Her legs wrapped around his, feet running down the length of his calves. And her hips were arching, pressing, begging him to continue.

“I don’t want to hurt you,” he said, every muscle in his body straining to move forward. He had never wanted anything the way he wanted her in that moment. And yet he had never felt less greedy. This had to be for her. He could not hurt her.

“You’re not,” she groaned, and then he couldn’t help himself. He captured her breast in his mouth as he pushed through her final barrier, embedding himself fully within her.

If she’d felt pain, she didn’t care. She let out a quiet shriek of pleasure, and her hands grabbed wildly at his head. She writhed beneath him, and when he attempted to move to her other breast, her fingers grew merciless, holding him in place with a ferocious intensity.

And all the while, his body claiming her, moving in a rhythm that was beyond thought or control.

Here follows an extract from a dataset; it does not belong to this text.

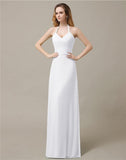 Halter Chiffon A-line Sleeveless Floor-Length Bridesmaid Dresses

“Lucy Lucy Lucy,” he moaned, finally tearing himself away from her breast. It was too hard. It was too much. He needed room to breathe, to gasp, to suck in the air that never quite seemed to make it to his lungs.

“Lucy!”

He should wait. He was trying to wait. But she was grabbing at him, digging her nails into his shoulders, and her body was arching off the bed with enough strength to lift him as well.

And then he felt her. Tensing, squeezing, shuddering around him, and he let go.

He let go, and the world quite simply exploded.

“I love you,” he gasped as he collapsed atop her. He’d thought himself beyond words, but there they were.

They were his companion now. Three little words.

I love you.

He would never be without them.

And that was a splendid thing.

Twenty

In which Our Hero has a very bad morning.

Sometime later, after sleep, and then more passion, and then not quite sleep, but a peaceful quiet and stillness, and then more passion-because they just could not help themselves-it was time for Gregory to go.

It was the most difficult thing he had ever done, and yet he was still able to do it with joy in his heart because he knew that this was not the end. It was not even goodbye; it was nothing so permanent as that. But the hour was growing dangerous. Dawn would arrive shortly, and while he had every intention of marrying Lucy as soon as he could manage it, he would not put her through the shame of being caught in bed with him on the morning of her wedding to another man.